Education savings plans aren’t savings accounts, but rather they’re investment accounts that enable you to save for qualified higher education expenses, including tuition, fees, and room and board. These investment plans can also be used for tuition for elementary or secondary school enrollment (up to $10,000 a year), as well as qualified costs associated with apprenticeship programs registered with the Secretary of Labor’s National Apprenticeships Act. They can also be used for student loan repayments, but up to the $10,000 lifetime limit per beneficiary.

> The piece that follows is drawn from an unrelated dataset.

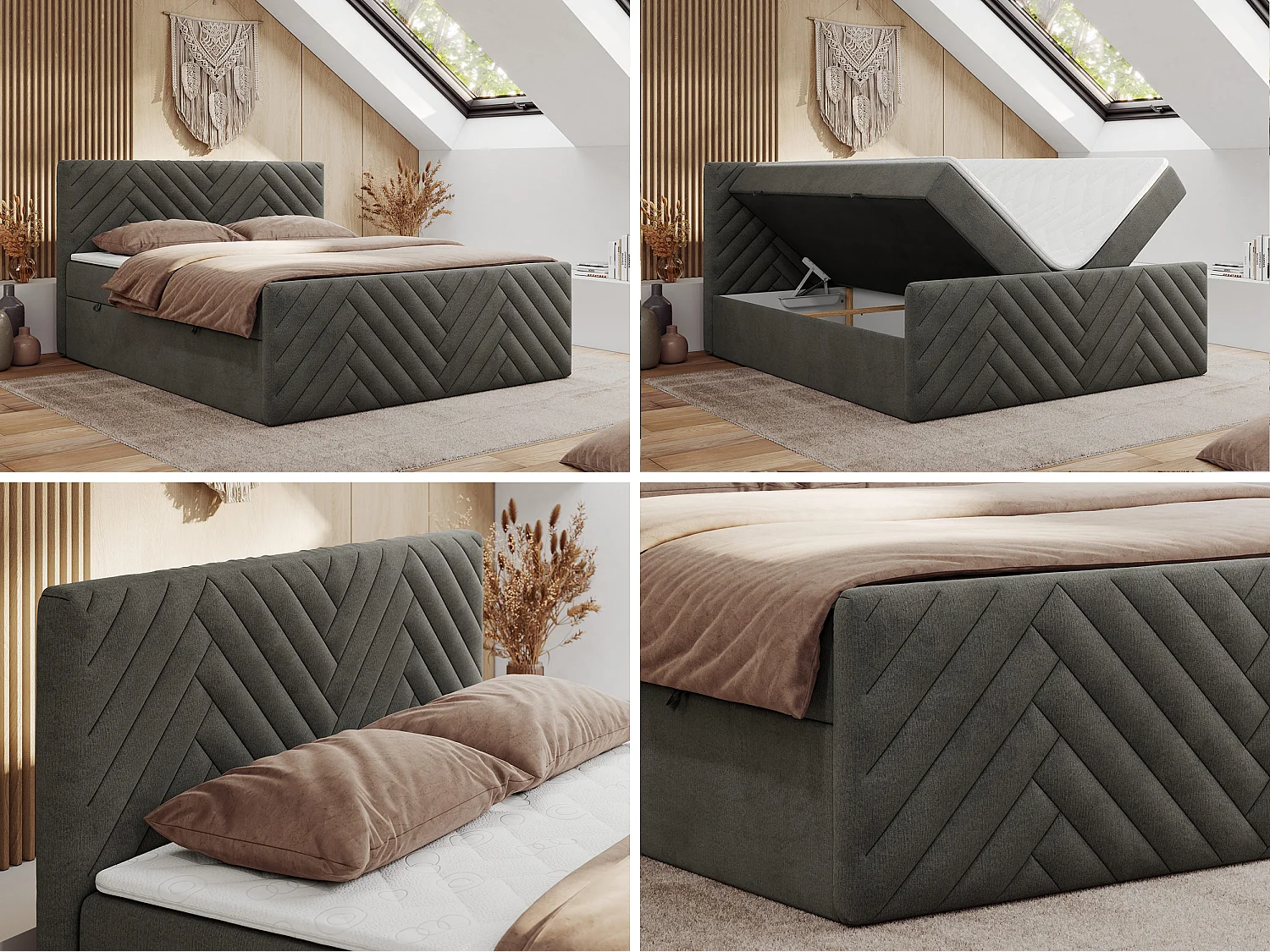 Boxspringbett PARIS DUO - Polsterbett mit genähtem Kopfteil und Frontplatte, Doppelbett, zwei Bettkästen - 140x200 cm - H4 - Dunkelgrau Velvet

Whether the beneficiary is currently younger like a toddler or older like a college-age individual, someone might choose an age-based investment approach, depending on risk tolerance for more conservative or aggressive investments. With 529s, you can’t invest in individual mutual funds, exchange traded funds (ETFs), or the like; you select investment portfolios, offering a combination of options.
There are tax advantages, too. Earnings from education savings plans are tax-deferred from federal income taxes as long as distributions are used for qualified educational expenses. Many states also do not tax these earnings.

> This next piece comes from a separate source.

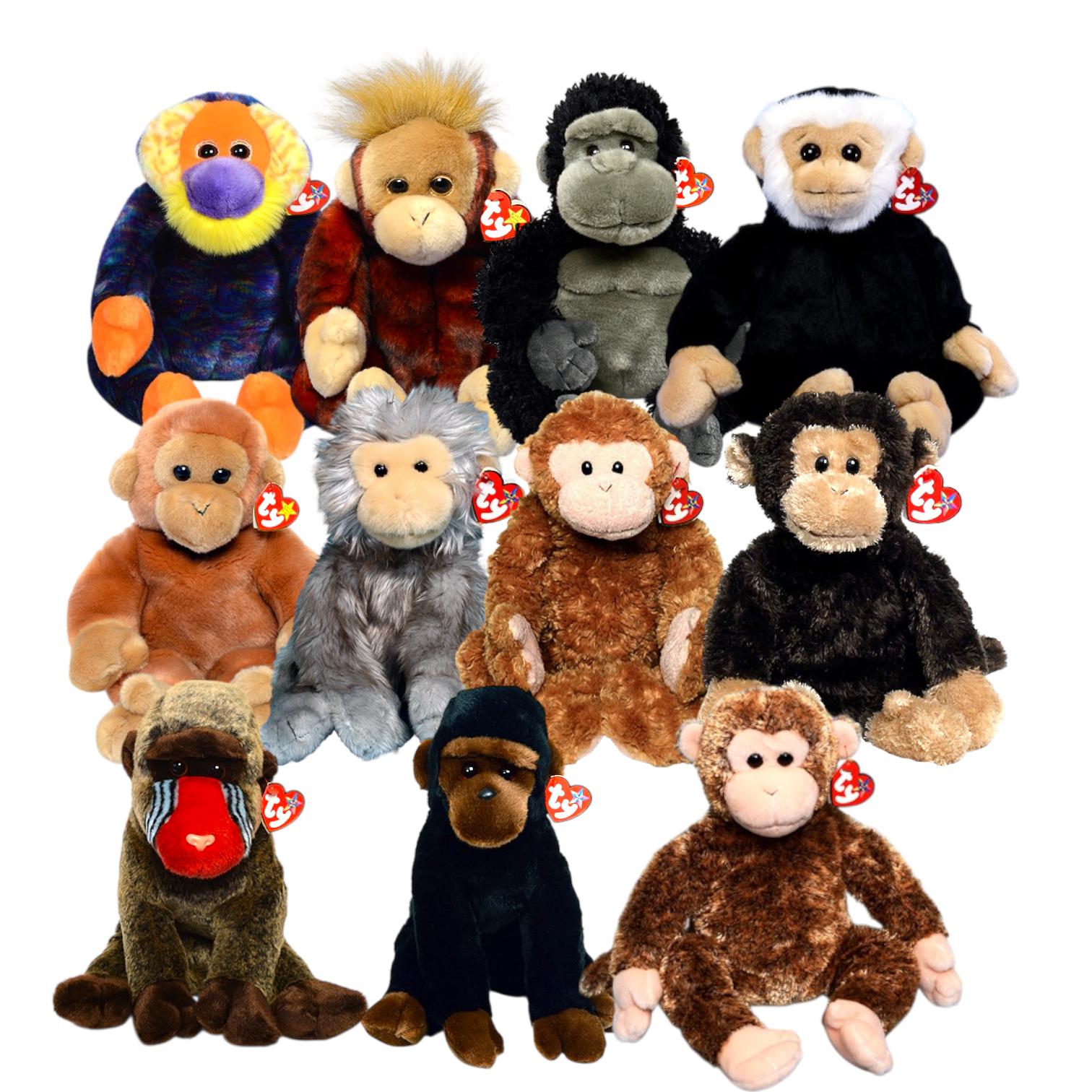 Ty Beanie Buddies Monkeys Bongo, Cheeks, Congo, Schweetheart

All education savings plans are sponsored by state governments, but many do not have residency requirements, which means you can shop around for the most advantageous plan based on investment objectives.
Here’s a quick look at the features of an education savings plan:
- puts money in investment accounts
- in certain states, can be used on higher education tuition, fees, room and board, and K-12 tuition
- sponsored by state governments
- many plans don’t have state residency requirements
All education savings plans are sponsored by state governments, but many do not have residency requirements, which means you can shop around for the most advantageous plan.
Can I offer a 529 plan as an employee benefit?
Yes, you can offer a 529 plan to your employees as a voluntary benefit to help them pay for college expenses.
In fact, including a 529 plan in your benefits package can be a real bonus when it comes to attracting talent and retaining employees. According to a 2022 survey, 55% of Americans still see the importance of saving for higher education despite current socio-economic conditions. You can choose to only offer your employees the option of contributing to a 529 plan via payroll deductions, or you can also provide a matching contribution limit.
Federal law treats 529 contributions as taxable, as do many states. This means income and payroll taxes apply to employee contributions as well as matching contributions you make to their accounts. However, the majority of states offer some state income tax deduction or credit to employees and/or employers for their 529 contributions.